También hay que comentar que el sorbete puede llevar alcohol. Es típico el sorbete de limón al cava (aunque también con otros licores).

Respecto a lo de mantecado, coincido con lo que dijo Chics, es un sabor distinto de la vainilla, además lleva canela y creo que más huevo (mi madre hace un mantecado espectacular ).

Saludos.

Ant


----------



## traduttrice81

Yo estoy en Italia y solo puedo deciros como los llamamos aqui a ver si interesa... Pero qué hambre!


----------



## Maria_del_Valle

jajaj..pues mantecado en la región de Andalucía es un polvorón (producto típico en navidad)


----------



## Namarne

Antpax said:


> También hay que comentar que el sorbete puede llevar alcohol.


Ya estamos, ya me extañaba a mí...  


> Es típico el sorbete de limón al cava (aunque también con otros licores).


Sííí... por aquí el sorbete de limón al _marc de cava_.  
(Por favor, parad ya...)


----------



## ToñoTorreón

lamartus said:


> Como explicó Chics debe ser un sabor regional. Si por acá pides un mantecado seguramente te den esto, que también está muy rico pero que no se come frío .
> 
> Solo por concretar: en mi zona helado, helado, sorbete, sorbete.
> Saludos.


 
No pude abrir el enlace del mantecado.

El primer enlace acá sería alguna especialidad, como el banana split. Pero está hecho con bolas de nieve/helado.

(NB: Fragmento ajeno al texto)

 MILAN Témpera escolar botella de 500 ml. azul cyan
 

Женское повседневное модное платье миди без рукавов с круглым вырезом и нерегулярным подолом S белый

El segundo es una paleta, paleta de nieve o paleta de crema, específicamente un esquimal.

El tercero es una paleta, paleta de nieve o paleta de crema.

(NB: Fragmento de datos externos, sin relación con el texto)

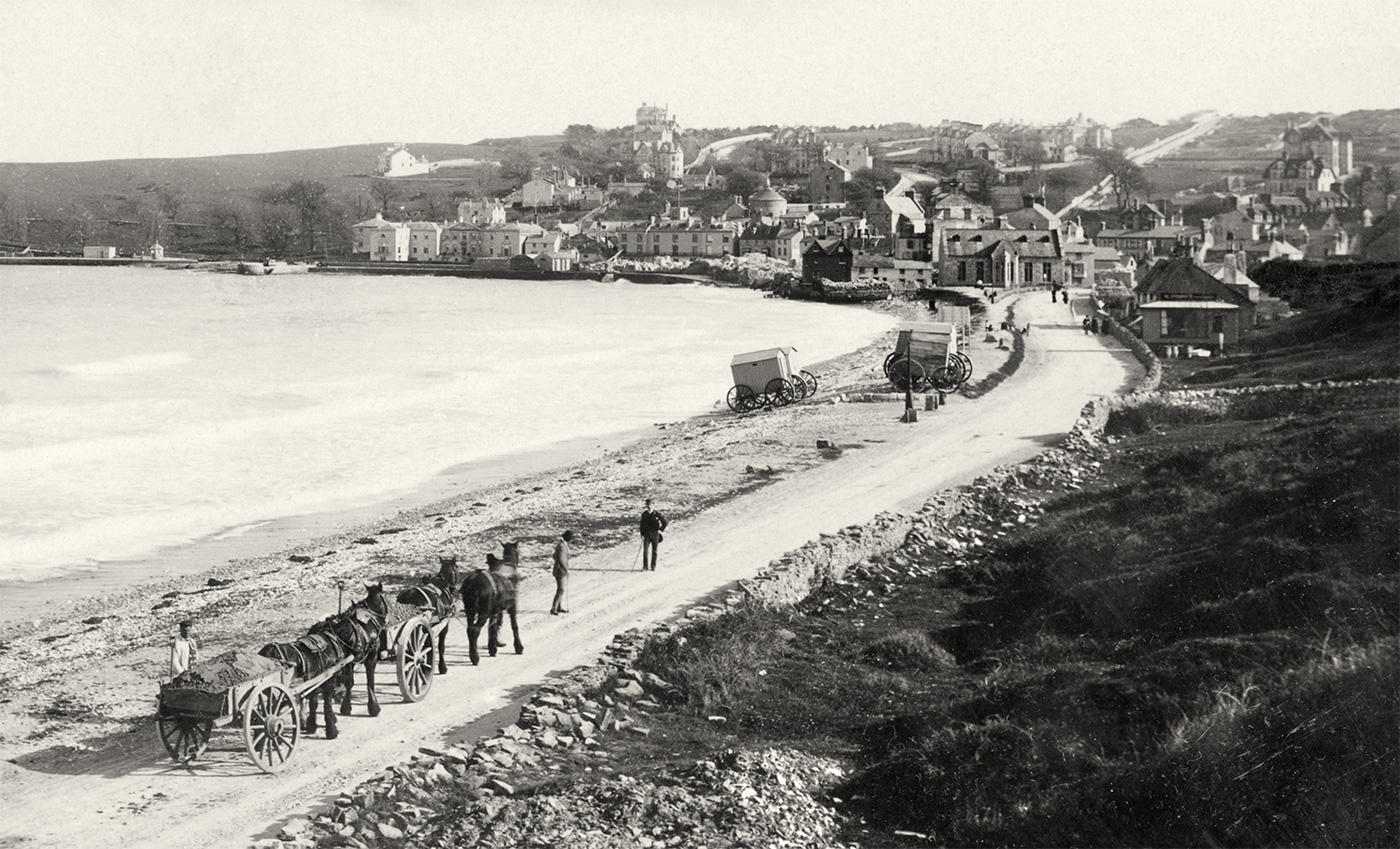 Shore Road with horses and carts of sand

Y el cuarto no tengo idea de lo que sea. Parece un mojito o algo así. 

Esto es una nieve de raspa o un raspado. Es hielo raspado (de ahí su nombre) al que se le agrega jarabes de frutas u otros sabores. En Guatemala le llaman granizadas. (La foto está al final de la página). 

Y está también la nieve de garrafa, que se elabora con esto.

EDIT: ¡Gracias a Lamartus por las instrucciones!


----------



## ROSANGELUS

lamartus said:


> Como explicó Chics debe ser un sabor regional. Si por acá pides un mantecado seguramente te den esto, que también está muy rico pero que no se come frío .
> 
> Solo por concretar: en mi zona helado, helado, sorbete, sorbete.
> Saludos.


Hola:
El primero: por acá es una helado, parecido como dice Toño al banana split. 
El segindo: es una helado pero de paleta. "helado de paleta", en este caso cremoso.
El tercero: tambien helado de paleta, pero pareciera de agua.
el cuarto: por acá no lo llamarían helado, sino granizado.
y el que Toño nombre como "vieve de garrafa", por acá es una barquilla.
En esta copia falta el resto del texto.